Ancient Hydrothermal Activity on Mars

The Martian Surface
Click on the image for a larger view.

The red areas in this image of the Martian surface correspond to the presence of coarse-grained hematite (see text). Increasing brightness indicates increasing hematite abundance. Black areas indicate areas with no detectable hematite.

The data, which were taken during 11 separate orbits by NASA's Mars Global Surveyor, are superimposed on a photo-mosaic from NASA's Viking program. The image covers an area of about 750 miles by 940 miles, and extends in latitude from 10 degrees south to 10 degrees north, and in longitude from 15 degrees west to 10 degrees east.

Image Credits: Philip Christensen, Arizona State University, Tempe, AZ, and the Thermal Emission Spectrometer instrument team.

It seems that hydrothermal activity, perhaps similar to terrestrial hot springs like those in Yellowstone Park, occurred on Mars some time in the past. The evidence comes from the detection of an iron-bearing mineral, coarse-grained hematite, in highly localized areas on the surface of the red planet.

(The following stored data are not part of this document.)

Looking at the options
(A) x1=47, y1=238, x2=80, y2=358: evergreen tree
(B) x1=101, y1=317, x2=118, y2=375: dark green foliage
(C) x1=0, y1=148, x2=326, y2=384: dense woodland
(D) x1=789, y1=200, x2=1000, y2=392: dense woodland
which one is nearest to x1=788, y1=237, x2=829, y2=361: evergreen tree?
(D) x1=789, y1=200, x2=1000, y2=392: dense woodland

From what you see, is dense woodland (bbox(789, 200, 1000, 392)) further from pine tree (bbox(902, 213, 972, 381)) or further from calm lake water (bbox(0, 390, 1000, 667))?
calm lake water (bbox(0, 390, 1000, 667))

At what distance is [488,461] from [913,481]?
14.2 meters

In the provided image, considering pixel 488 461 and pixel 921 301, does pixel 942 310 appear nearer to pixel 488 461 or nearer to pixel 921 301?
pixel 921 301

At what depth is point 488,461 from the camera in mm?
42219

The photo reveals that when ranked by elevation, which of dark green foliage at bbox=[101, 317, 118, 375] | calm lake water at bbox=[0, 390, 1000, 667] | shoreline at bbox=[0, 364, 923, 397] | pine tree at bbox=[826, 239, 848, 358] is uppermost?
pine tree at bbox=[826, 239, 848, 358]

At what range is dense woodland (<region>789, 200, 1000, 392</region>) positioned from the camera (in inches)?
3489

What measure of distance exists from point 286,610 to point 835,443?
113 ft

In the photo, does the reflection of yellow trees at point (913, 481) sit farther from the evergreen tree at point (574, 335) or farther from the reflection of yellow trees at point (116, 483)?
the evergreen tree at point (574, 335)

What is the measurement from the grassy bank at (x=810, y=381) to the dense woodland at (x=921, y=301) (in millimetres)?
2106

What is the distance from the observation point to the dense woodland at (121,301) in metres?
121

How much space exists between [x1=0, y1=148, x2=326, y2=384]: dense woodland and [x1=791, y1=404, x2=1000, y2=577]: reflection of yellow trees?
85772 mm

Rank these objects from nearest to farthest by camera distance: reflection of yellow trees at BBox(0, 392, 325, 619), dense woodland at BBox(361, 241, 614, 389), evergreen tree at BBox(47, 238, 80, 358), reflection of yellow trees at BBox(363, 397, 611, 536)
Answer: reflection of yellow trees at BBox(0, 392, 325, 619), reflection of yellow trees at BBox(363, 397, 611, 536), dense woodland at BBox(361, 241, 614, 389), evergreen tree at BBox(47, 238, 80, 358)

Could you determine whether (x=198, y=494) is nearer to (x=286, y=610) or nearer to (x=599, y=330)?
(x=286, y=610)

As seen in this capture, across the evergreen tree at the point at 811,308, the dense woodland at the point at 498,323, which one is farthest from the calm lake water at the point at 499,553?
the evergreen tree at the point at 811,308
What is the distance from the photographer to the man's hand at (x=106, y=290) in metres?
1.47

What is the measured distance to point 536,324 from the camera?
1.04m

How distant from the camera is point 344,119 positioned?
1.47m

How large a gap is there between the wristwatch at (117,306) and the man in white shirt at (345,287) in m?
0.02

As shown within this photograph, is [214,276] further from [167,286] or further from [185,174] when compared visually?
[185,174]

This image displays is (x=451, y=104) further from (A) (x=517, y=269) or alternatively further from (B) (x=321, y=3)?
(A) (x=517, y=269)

Hematite is an iron oxide mineral that forms by a variety of processes that often involve water. Coarse-grained hematite, which is a crystal the size of a grain of sand, can form when hot water moves through iron-bearing rocks and dissolves the iron. When the water cools, the dissolved iron precipitates in cracks in the surrounding rock and produces coarse-grained hematite.

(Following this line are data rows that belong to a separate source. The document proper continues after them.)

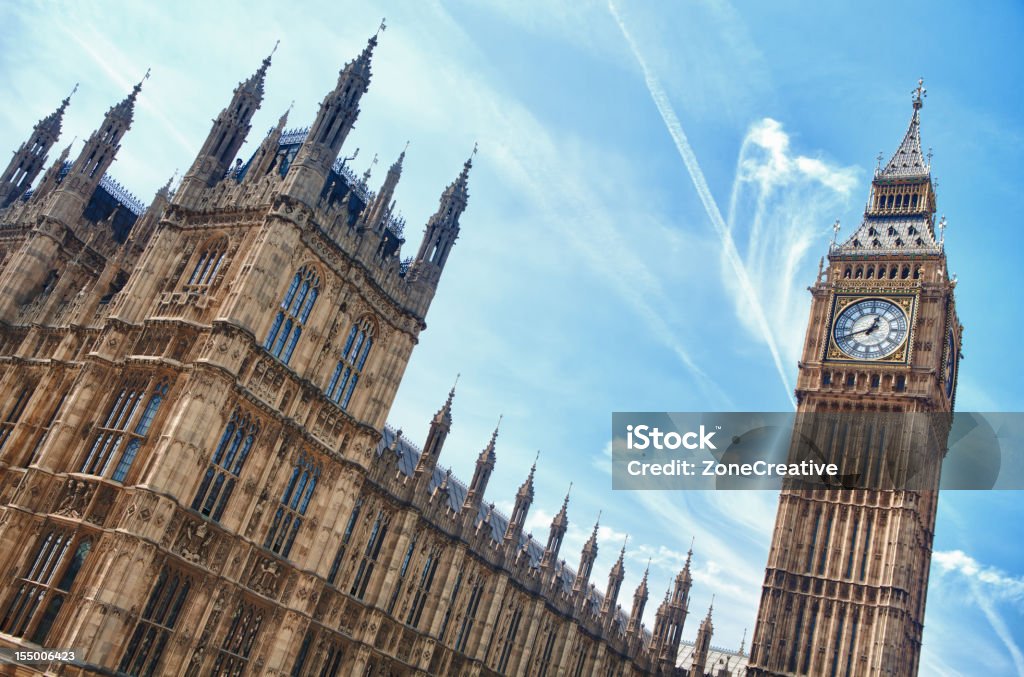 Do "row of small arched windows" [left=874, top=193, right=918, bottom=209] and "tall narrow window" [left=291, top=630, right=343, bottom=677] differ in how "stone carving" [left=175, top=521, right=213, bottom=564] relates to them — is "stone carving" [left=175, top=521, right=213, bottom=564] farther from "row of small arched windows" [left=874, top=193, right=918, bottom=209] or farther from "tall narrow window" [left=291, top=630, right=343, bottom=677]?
"row of small arched windows" [left=874, top=193, right=918, bottom=209]

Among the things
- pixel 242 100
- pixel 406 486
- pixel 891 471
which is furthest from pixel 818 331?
pixel 242 100

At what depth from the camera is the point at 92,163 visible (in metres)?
46.9

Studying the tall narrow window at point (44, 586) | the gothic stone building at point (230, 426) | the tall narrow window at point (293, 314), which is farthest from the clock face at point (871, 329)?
the tall narrow window at point (44, 586)

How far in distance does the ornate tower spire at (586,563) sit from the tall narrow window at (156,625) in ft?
107

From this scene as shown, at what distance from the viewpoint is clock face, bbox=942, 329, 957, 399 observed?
8438 centimetres

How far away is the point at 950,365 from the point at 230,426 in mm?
74748

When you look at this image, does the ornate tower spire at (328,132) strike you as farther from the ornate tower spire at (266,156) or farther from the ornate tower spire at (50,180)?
the ornate tower spire at (50,180)

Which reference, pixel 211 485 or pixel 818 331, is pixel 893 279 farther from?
pixel 211 485

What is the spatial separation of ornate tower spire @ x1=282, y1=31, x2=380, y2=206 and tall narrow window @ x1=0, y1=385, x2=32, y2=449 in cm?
1525

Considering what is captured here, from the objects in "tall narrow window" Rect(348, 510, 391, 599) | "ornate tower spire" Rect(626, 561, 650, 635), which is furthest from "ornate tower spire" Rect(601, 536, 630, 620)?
"tall narrow window" Rect(348, 510, 391, 599)

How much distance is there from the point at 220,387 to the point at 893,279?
2688 inches

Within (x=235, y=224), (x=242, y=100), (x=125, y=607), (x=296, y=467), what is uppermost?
(x=242, y=100)

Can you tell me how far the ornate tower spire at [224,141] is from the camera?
38.3 meters

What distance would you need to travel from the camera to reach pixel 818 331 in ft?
277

Coarse-grained hematite can also form when iron is dissolved in seas and precipitates. On Earth, such deposits have been highly altered, typically by hot water that flowed through them.

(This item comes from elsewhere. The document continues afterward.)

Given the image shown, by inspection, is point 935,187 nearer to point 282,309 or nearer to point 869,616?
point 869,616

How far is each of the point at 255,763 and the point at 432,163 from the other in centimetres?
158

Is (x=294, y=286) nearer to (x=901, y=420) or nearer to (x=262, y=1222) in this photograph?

The existence of localized, coarse-grained hematite on Mars described here is the only known example of this material on the red planet. However, since our coverage of the planet's surface is not complete, other deposits of coarse-grained hematite may yet be found elsewhere.

The discovery of coarse-grained hematite on Mars constitutes evidence that large-scale hydrothermal activity may have operated on the ancient Martian surface. Even more intriguing is the possibility that the hematite may have initially precipitated from a large body of water.

The discovery of the Martian coarse-grained hematite was made with the Thermal Emission Spectrometer (TES) onboard NASA's Mars Global Surveyor spacecraft, which has been orbiting Mars and collecting data since September 11, 1997.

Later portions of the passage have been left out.